For facial recognition, the main challenge is fairness: the algorithm should behave in the same way whatever the visible characteristic of the person are (age, sex, skin color, nationality, etc.).

Facial recognition raises highly specific fairness issues in law due to the potential for discrimination based on skin color, gender, handicap or other legally protected attributes, as well as the legal consequences flowing from refusing access to services due to the user. Indeed, operators of some facial recognition systems already include in their specifications the requirement that systems be fair, and that fairness can be proven.

Designing novel strategies for debiasing datasets and estimating the debias weights

We develop original strategies for identifying and correcting selection bias.

Representativeness issues do not vanish simply under the effect of the size of the training set. Selection bias issues are now the subject of much attention in the literature, that is to say situations where the samples at disposal for learning a predictive rule are not distributed as those to which the predictive rule will be applied when deployed.

Data gathered in many repositories available on the Web has not been collected by means of a rigorous experimental design but rather by leaping at the opportunity.

Depending on the nature of the mechanism causing the sample selection bias and on that of the statistical information available for learning a decision rule, special cases have been considered in the literature, for which dedicated approaches have been developed. Most of these methods boil down to weighting the training observations using appropriate weights, based on the Inverse Probability Weighting technique.

For instance, these weights are the inverses of the first order inclusion probabilities in the case where data are acquired by means of a survey plan, see (Clémençon et al., 2017).

In the context of regression under random censorship, a weighted version of the empirical risk can also be considered, weights corresponding to the inverses of estimates of the probability of not being censored, see (Ausset et al., 2019). In general, side information about the cause of the selection bias is crucially used to derive explicit forms for the appropriate weights and to design ways of estimating them from the observations available. In many situations, the selection bias mechanism is excessively complex to derive fully explicit forms for the appropriate weights that would permit to mimic the target distribution based on the observations available.

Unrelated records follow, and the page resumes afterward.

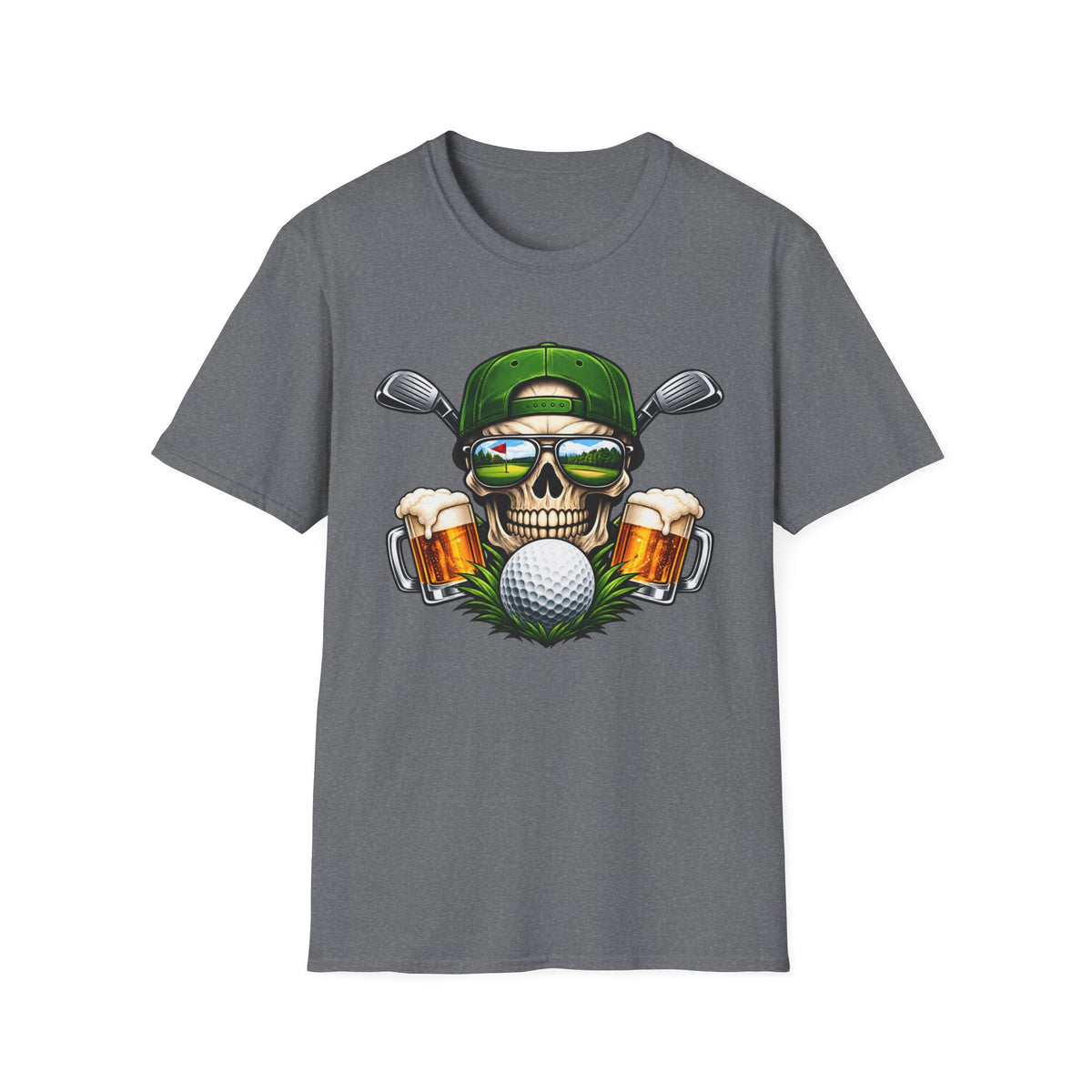 Fairways & Cold Beers Golf Skull T-Shirt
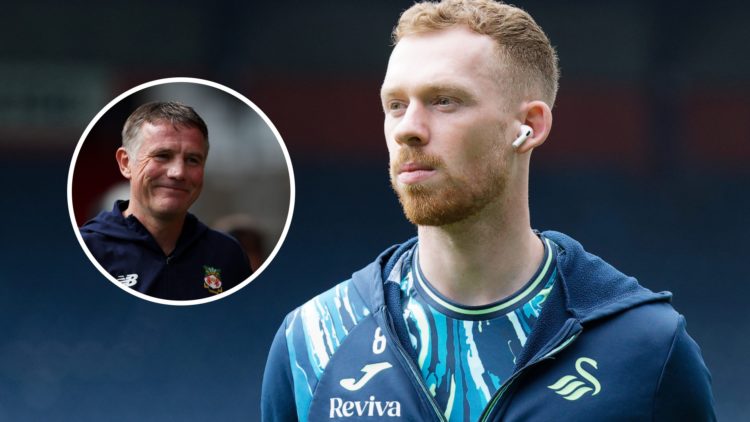 Lewis O'Brien for Swansea City. Inset, Wrexham manager Phil Parkinson.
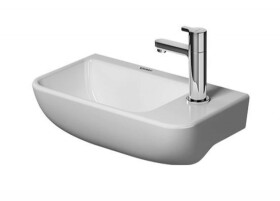 DURAVIT - ME by Starck Umývátko 40x22 cm, bez přepadu, s otvorem pro baterii vpravo, WonderGliss, bílá 07174000001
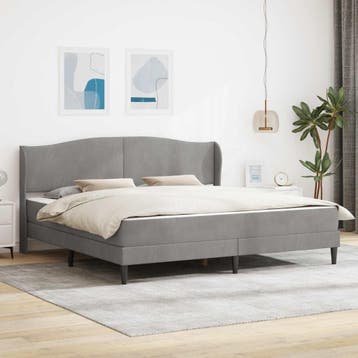 vidaXL Bedframe met hoofdeinde Lichtgrijs 200 x 200 cm, Huis en Inrichting, Slaapkamer | Bedden, Verzenden, Nieuw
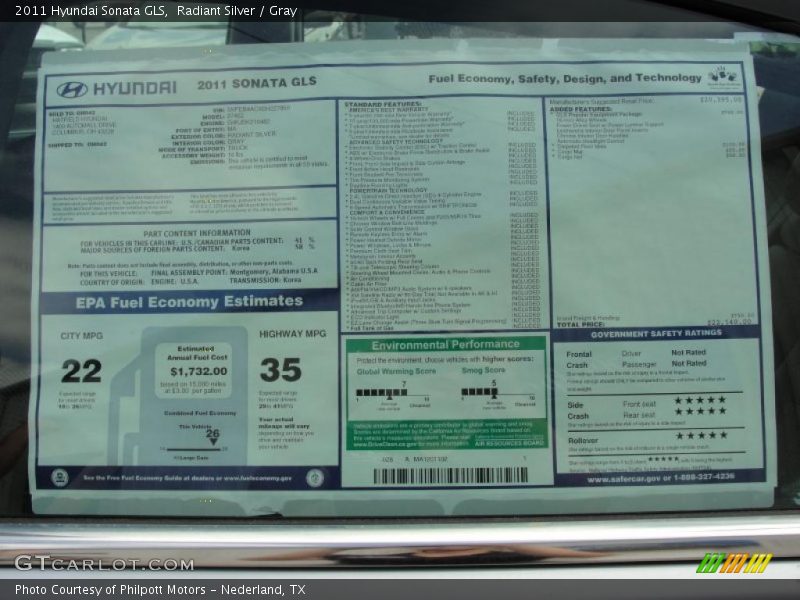 Radiant Silver / Gray 2011 Hyundai Sonata GLS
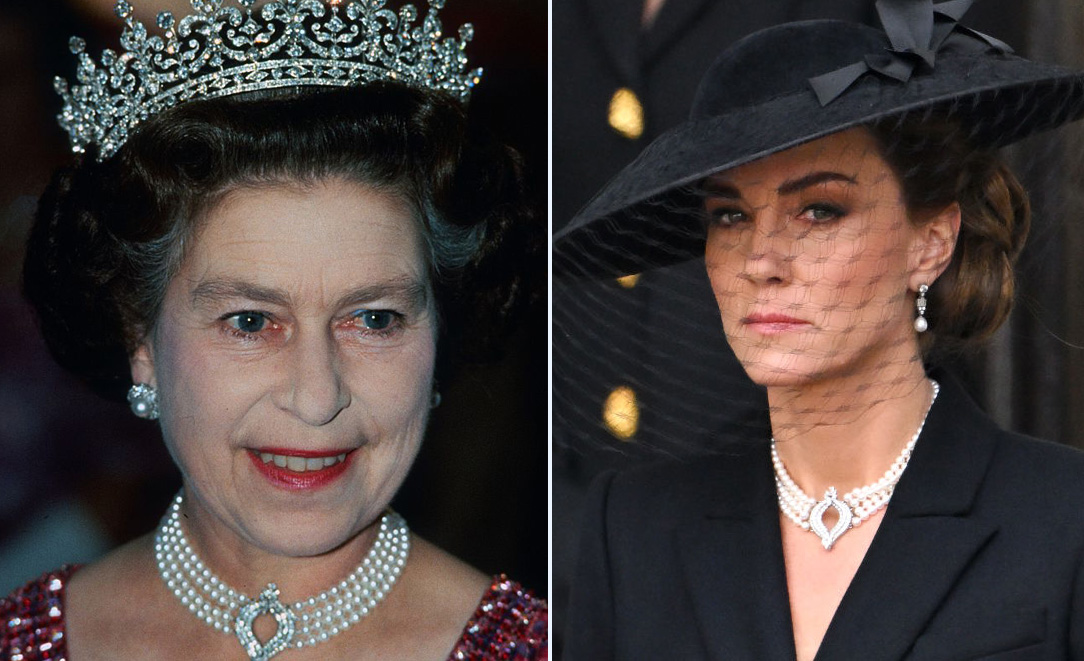 A gyémánt choker nyaklánc II. Erzsébet királynőn és Katalin hercegnén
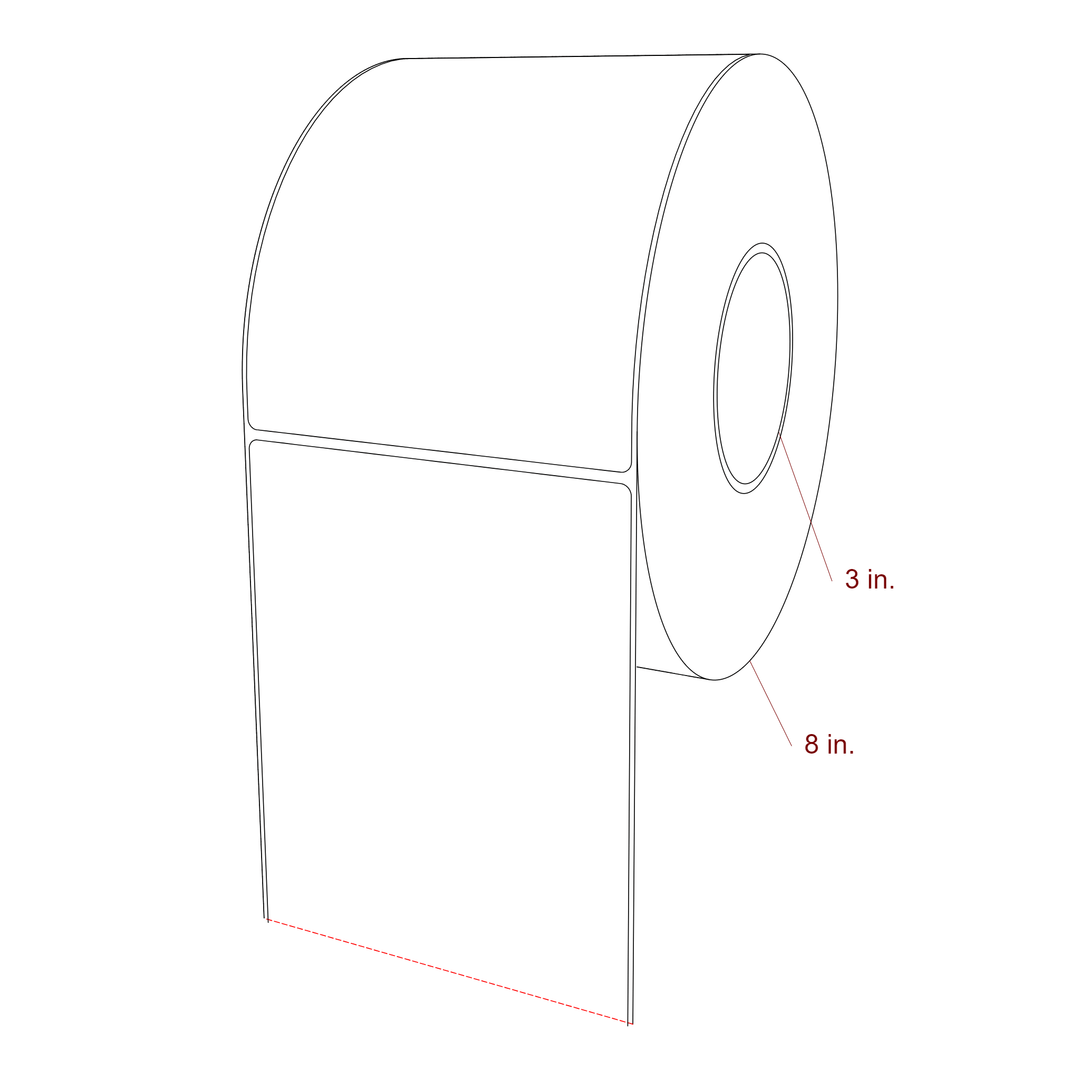 5 Inch x 6.5 Inch Rectangle Inkjet Label Roll - 3 Inch Core - 8 Inch Roll OD - 3D Perspective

See also in our past and present publications: Bias issues in AI have been reviewed in (Bertail et al., 2019).

Our works

In line with the aforementioned approaches, a preliminary framework that allows tackling problems where the biasing mechanism at work is very general, if certain identifiability hypotheses are satisfied, has been developed in (Clémençon and Laforgue, 2020). Promising preliminary experiments, based on synthetic and real data, have also provided empirical evidence of the relevance of the approach. The case where the biasing mechanism is only approximately known is of considerable interest in practice and it is one of the main objectives in our Fairness studies to investigate to which extent the statistical learning guarantees established are preserved. In (Clémençon et al., 2020) and (Ausset et al., 2019), several situations (e.g. positive-unlabeled learning, learning under random censorship) where the biasing mechanism depends on a few (possibly functional) parameters that can be estimated, have been exhibited.

It is our goal to understand conditions under which plugging estimates of the biasing functions at work do not compromise the accuracy of the methodology proposed in (Clémençon and Laforgue, 2020).

Checking the absence of selection bias by testing homogeneity between high dimensional data samples

When a (small) sample of observations drawn from the target/test distribution is available, a natural way to check whether the training data available form an unbiased sample, i.e. the absence of bias in the training sample, is to test homogeneity of the two samples. The “two-sample problem” arises in a wide variety of applications, ranging from bioinformatics to psychometrics through database attribute matching for instance. However, it still raises challenging questions in a (highly) multidimensional setting, where the notion of rank is far from straightforward. A recent and original approach initiated in (Vogel et al., 2020) consists in investigating how ranking bipartite methods for multivariate data can be exploited in order to extend the rank-based test approach for testing homogeneity between two samples to a multivariate framework. Offering an appealing alternative to parametric approaches, plug-in techniques or Maximum Mean Discrepancy methods, the idea promoted is simple and avoids the curse of dimensionality: training data are split into two subsamples (with approximately the same proportion of positive instances) so that an empirical maximizer of the rank-based criterion chosen (e.g. the popular area under curve (AUC) criterion) can be learned and next used to score the data of the second subsample. Easy to formulate, this promising approach remains to be studied at length.

Our works

Our objective is to investigate the approach described above from a theoretical and experimental perspective, both at the same time. If it can be successfully implemented, this approach could also offer an alternative method to debias training samples, by designing a procedure removing the data that cause the rejection of the homogeneity assumption or weighting them in an appropriate fashion.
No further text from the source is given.